• _Task goal_: In the records below, find the line with "iPhone X/XS /" and the line with "Maxime Fillon (1920-2003), France.". Print both exactly, along with every line between them, and no other line.

• _Extracted material_:
┌────────

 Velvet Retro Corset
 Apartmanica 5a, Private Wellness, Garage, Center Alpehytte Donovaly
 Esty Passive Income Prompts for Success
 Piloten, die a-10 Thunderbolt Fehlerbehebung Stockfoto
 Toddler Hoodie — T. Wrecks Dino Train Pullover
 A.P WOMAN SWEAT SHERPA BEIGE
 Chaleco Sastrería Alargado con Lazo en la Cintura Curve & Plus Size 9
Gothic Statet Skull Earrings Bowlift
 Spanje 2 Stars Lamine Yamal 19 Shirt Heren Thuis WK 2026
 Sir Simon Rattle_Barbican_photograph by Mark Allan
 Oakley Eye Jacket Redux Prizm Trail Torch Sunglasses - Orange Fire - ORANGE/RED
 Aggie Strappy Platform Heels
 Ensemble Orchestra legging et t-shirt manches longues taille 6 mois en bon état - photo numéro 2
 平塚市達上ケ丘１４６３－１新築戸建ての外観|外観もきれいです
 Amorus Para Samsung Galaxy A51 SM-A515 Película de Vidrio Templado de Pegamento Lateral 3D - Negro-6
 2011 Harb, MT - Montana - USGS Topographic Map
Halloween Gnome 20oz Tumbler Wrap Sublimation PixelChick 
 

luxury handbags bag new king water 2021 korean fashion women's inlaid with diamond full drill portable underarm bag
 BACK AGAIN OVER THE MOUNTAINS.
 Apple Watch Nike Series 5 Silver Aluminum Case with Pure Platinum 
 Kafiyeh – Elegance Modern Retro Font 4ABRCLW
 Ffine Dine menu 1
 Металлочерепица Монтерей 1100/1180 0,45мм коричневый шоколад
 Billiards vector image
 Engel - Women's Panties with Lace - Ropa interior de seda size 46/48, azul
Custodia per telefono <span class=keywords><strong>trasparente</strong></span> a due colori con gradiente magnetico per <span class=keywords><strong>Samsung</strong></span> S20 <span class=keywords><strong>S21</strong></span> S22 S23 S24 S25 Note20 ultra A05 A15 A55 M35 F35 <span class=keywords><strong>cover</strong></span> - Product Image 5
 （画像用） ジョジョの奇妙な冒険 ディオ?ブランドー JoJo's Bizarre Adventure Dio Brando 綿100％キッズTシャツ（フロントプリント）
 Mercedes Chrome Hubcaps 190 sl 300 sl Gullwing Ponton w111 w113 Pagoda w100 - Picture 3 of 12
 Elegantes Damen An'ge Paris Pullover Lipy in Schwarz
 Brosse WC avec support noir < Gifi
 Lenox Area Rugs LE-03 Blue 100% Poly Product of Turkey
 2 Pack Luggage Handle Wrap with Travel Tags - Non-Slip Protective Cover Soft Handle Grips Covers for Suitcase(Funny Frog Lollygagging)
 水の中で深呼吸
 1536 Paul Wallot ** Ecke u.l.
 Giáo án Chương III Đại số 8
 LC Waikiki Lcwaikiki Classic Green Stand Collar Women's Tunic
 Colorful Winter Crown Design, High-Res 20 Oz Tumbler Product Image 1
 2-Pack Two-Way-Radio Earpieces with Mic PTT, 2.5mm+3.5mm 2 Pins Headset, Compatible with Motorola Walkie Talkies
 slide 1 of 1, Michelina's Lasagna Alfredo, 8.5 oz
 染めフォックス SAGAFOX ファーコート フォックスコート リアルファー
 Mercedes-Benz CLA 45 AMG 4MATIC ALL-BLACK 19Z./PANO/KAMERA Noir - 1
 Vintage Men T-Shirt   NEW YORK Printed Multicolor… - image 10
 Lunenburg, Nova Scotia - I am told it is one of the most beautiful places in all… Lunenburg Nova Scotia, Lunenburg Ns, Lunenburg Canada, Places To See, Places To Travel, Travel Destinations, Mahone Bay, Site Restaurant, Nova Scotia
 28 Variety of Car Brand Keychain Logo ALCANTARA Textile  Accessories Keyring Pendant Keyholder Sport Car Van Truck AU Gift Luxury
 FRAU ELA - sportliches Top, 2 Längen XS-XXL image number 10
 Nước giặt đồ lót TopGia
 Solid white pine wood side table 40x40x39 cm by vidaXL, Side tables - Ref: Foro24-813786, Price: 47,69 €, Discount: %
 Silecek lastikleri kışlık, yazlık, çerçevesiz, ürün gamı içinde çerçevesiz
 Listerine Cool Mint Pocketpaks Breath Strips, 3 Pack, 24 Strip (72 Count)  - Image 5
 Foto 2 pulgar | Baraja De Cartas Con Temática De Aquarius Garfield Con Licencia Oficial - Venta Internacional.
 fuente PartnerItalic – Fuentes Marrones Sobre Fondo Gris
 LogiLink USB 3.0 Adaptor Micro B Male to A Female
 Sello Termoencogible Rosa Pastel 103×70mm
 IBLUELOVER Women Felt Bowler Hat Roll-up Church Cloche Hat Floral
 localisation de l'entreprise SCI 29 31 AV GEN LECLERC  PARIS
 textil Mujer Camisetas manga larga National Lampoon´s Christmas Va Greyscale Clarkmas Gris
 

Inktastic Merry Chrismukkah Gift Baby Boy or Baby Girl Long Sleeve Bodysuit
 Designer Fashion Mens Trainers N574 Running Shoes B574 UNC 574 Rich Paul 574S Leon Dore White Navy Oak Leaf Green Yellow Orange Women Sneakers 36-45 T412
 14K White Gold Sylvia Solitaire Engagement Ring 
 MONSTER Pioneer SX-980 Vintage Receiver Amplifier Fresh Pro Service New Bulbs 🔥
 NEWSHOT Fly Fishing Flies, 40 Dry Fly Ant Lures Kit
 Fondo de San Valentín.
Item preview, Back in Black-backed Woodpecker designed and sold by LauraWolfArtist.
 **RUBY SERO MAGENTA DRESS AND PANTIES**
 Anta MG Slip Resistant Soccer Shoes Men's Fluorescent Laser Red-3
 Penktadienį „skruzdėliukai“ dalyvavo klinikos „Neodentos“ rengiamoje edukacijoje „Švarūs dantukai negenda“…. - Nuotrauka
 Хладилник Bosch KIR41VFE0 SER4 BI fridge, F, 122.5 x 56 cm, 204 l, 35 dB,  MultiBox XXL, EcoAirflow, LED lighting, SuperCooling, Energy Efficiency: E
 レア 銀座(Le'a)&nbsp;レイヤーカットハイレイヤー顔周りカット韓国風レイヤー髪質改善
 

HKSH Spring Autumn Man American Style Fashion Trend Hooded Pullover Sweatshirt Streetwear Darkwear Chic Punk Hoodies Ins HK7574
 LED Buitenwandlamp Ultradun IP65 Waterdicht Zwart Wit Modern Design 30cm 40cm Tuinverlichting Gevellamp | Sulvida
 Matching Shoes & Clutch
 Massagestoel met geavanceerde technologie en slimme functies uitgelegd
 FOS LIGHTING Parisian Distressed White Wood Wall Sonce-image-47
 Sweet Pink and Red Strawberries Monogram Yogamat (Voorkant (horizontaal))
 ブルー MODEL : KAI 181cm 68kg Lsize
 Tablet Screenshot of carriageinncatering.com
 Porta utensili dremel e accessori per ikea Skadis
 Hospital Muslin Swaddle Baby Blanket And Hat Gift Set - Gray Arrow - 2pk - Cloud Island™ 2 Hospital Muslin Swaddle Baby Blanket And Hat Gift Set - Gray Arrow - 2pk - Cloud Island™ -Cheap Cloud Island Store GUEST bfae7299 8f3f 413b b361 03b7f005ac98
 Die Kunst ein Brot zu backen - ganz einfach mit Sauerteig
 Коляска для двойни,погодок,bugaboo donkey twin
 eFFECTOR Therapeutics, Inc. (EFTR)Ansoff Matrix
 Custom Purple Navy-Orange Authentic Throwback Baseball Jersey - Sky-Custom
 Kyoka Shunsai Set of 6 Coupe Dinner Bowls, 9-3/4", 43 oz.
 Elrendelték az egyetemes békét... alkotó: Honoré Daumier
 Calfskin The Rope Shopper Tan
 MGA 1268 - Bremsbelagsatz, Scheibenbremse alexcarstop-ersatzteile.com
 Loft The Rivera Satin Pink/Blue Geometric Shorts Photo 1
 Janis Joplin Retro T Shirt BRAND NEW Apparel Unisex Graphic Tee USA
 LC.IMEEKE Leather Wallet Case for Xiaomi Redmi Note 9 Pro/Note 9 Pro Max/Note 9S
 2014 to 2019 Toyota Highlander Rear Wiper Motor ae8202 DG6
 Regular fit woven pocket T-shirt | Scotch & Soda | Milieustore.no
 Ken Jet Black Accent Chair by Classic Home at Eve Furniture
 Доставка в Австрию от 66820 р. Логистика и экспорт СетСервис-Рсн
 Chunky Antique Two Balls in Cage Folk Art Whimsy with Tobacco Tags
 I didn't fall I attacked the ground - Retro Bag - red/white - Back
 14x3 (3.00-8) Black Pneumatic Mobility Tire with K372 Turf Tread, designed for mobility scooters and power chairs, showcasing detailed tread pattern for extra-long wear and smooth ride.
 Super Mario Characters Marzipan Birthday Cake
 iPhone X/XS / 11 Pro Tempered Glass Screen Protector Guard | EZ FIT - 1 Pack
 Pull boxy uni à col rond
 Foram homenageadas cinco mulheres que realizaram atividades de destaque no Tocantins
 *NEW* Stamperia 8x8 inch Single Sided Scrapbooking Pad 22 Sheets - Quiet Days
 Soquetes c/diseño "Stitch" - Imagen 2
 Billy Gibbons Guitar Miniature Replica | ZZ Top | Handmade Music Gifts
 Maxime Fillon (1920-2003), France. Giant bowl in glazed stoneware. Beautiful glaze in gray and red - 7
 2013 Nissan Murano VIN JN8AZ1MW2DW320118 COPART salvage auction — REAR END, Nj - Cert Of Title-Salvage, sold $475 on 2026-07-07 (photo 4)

└────────

• _Answer for the task_:
 iPhone X/XS / 11 Pro Tempered Glass Screen Protector Guard | EZ FIT - 1 Pack
 Pull boxy uni à col rond
 Foram homenageadas cinco mulheres que realizaram atividades de destaque no Tocantins
 *NEW* Stamperia 8x8 inch Single Sided Scrapbooking Pad 22 Sheets - Quiet Days
 Soquetes c/diseño "Stitch" - Imagen 2
 Billy Gibbons Guitar Miniature Replica | ZZ Top | Handmade Music Gifts
 Maxime Fillon (1920-2003), France. Giant bowl in glazed stoneware. Beautiful glaze in gray and red - 7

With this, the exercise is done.